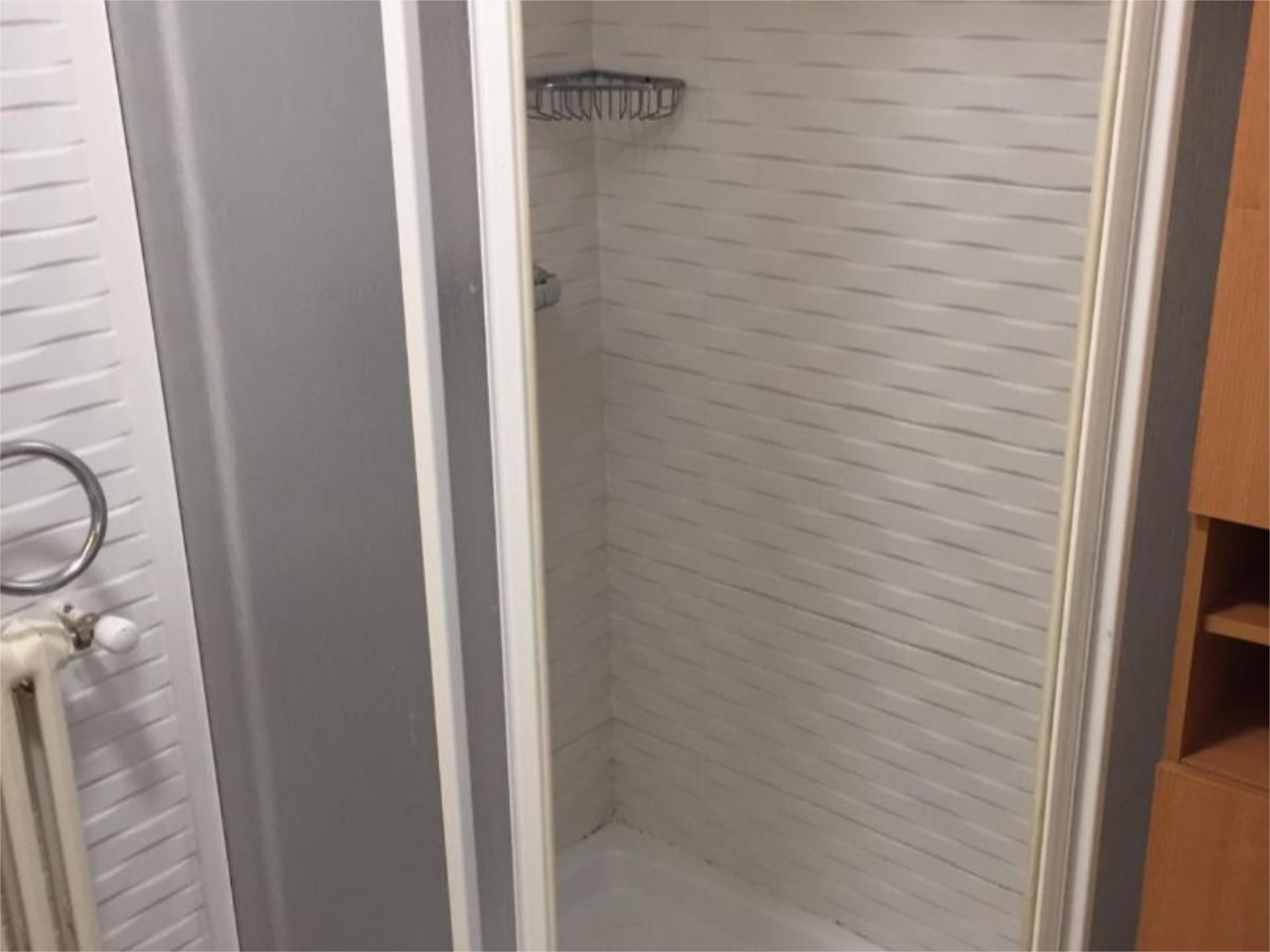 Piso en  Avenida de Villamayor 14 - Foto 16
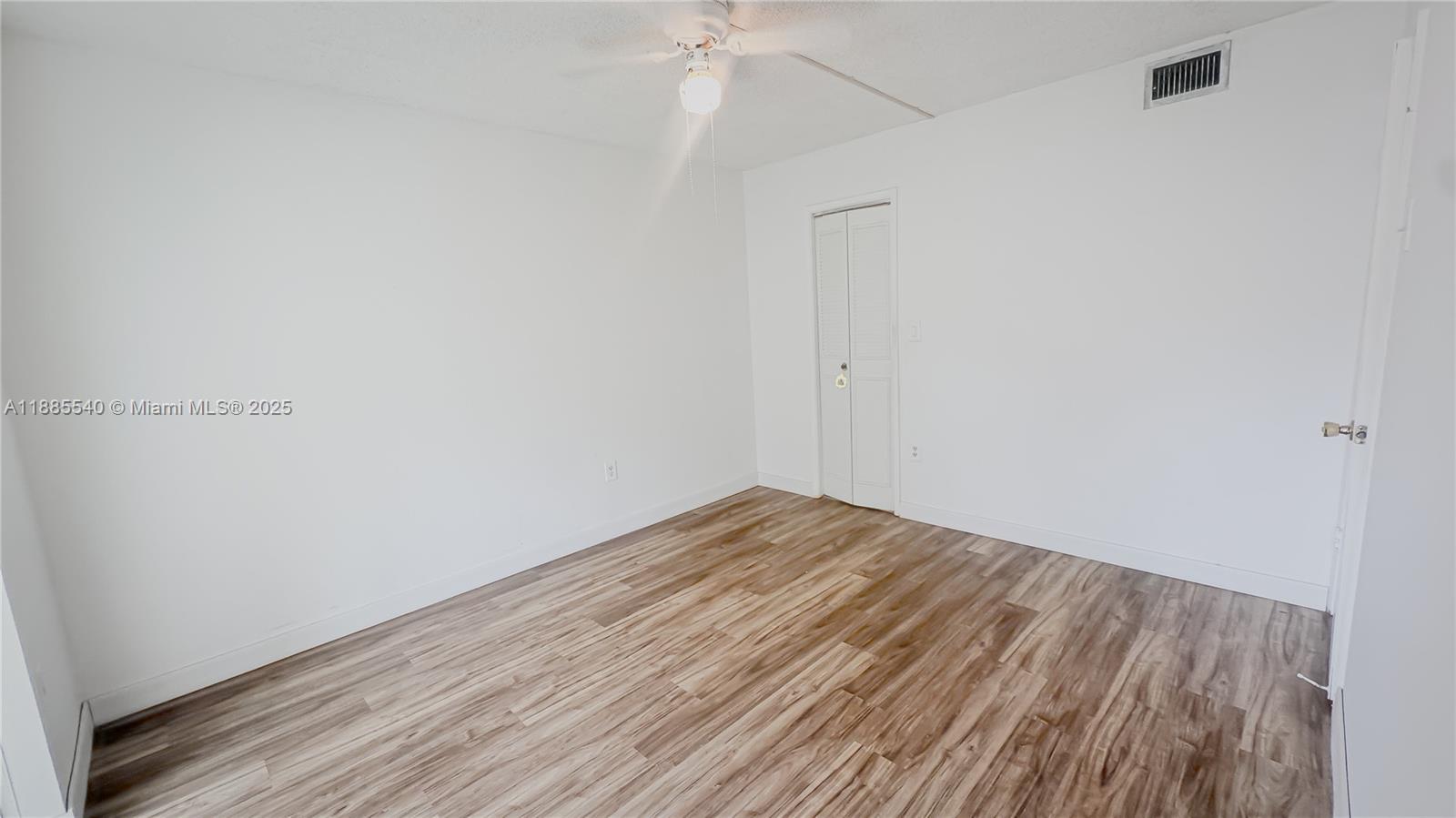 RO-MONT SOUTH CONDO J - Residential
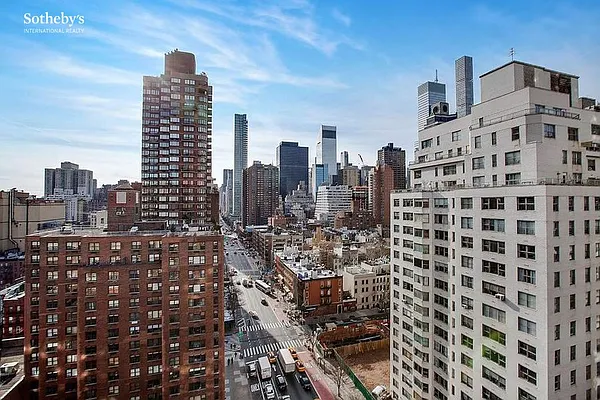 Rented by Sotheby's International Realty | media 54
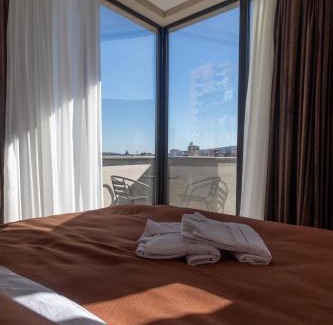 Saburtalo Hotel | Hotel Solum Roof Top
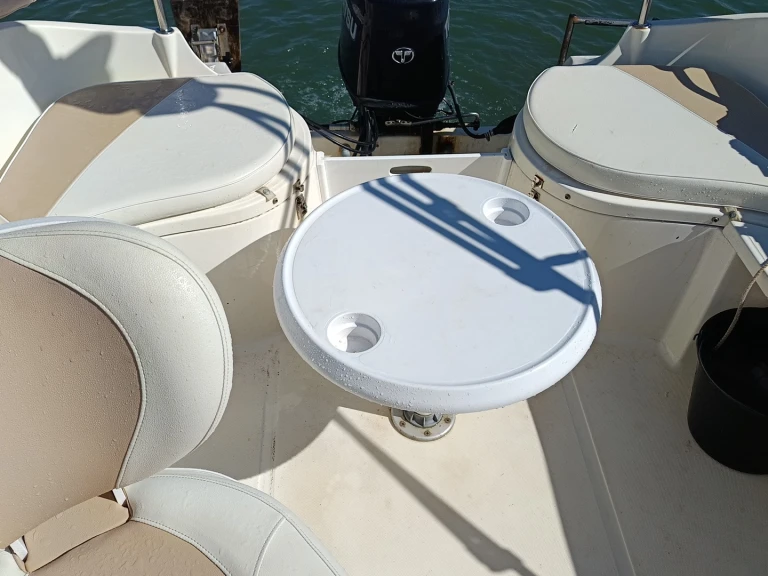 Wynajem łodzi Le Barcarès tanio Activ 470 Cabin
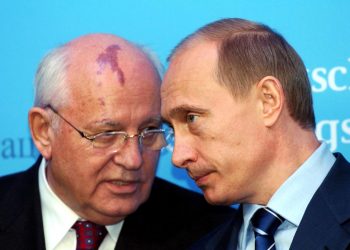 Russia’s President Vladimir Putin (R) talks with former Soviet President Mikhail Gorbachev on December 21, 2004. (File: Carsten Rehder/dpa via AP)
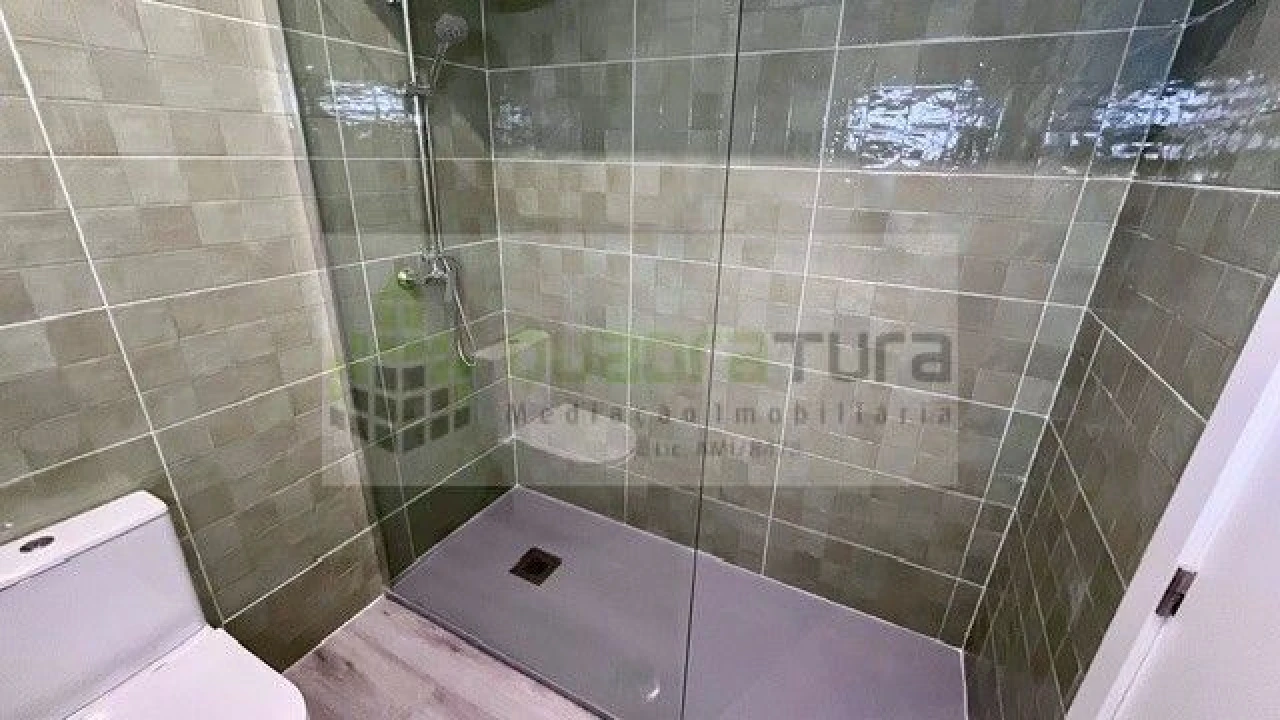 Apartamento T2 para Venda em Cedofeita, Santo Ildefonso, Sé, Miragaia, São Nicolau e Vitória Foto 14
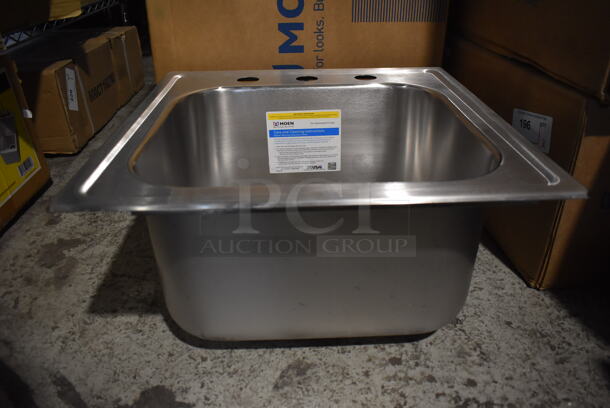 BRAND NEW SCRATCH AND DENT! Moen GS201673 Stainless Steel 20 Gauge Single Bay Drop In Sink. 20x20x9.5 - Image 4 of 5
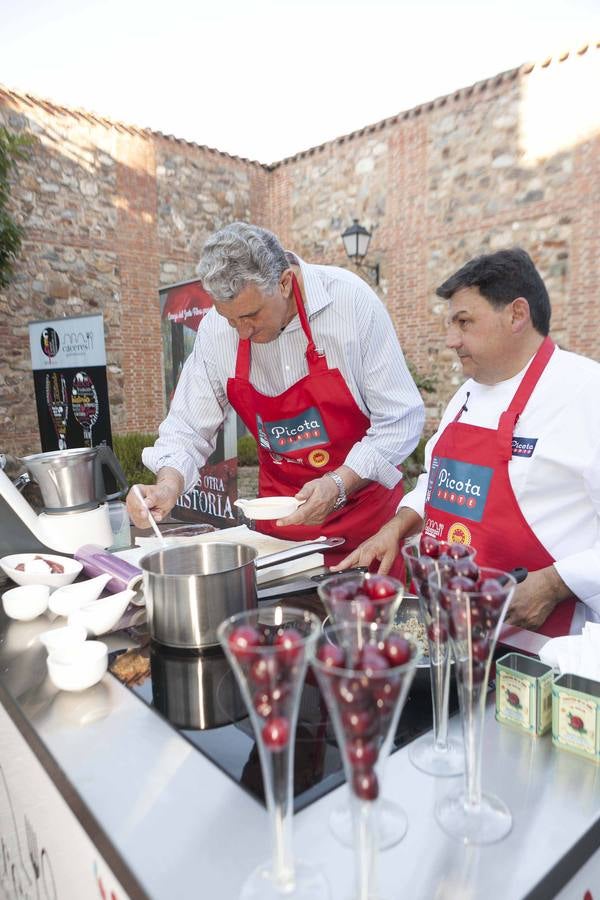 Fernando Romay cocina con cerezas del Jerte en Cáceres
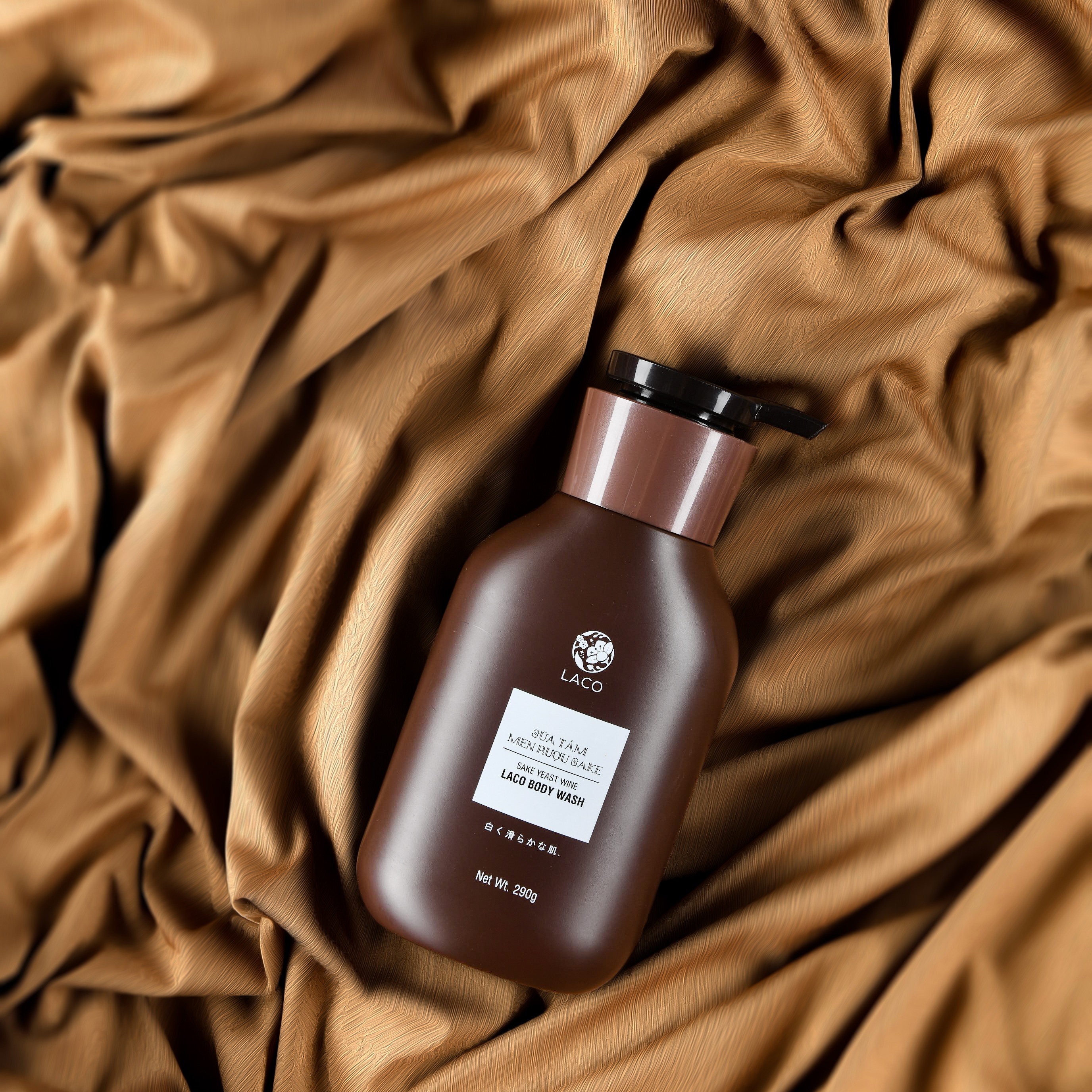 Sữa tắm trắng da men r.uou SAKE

▶ **Exercise objective**:
Write out each line of the listing above, exactly, from its first line to the line holding "Apartamento T2 para", inclusive. Skip the pictures.

▶ **Result**:
 Piso en  Avenida de Villamayor 14 - Foto 16
 RO-MONT SOUTH CONDO J - Residential
 Rented by Sotheby's International Realty | media 54
 Saburtalo Hotel | Hotel Solum Roof Top
 Wynajem łodzi Le Barcarès tanio Activ 470 Cabin
 Russia’s President Vladimir Putin (R) talks with former Soviet President Mikhail Gorbachev on December 21, 2004. (File: Carsten Rehder/dpa via AP)
 Apartamento T2 para Venda em Cedofeita, Santo Ildefonso, Sé, Miragaia, São Nicolau e Vitória Foto 14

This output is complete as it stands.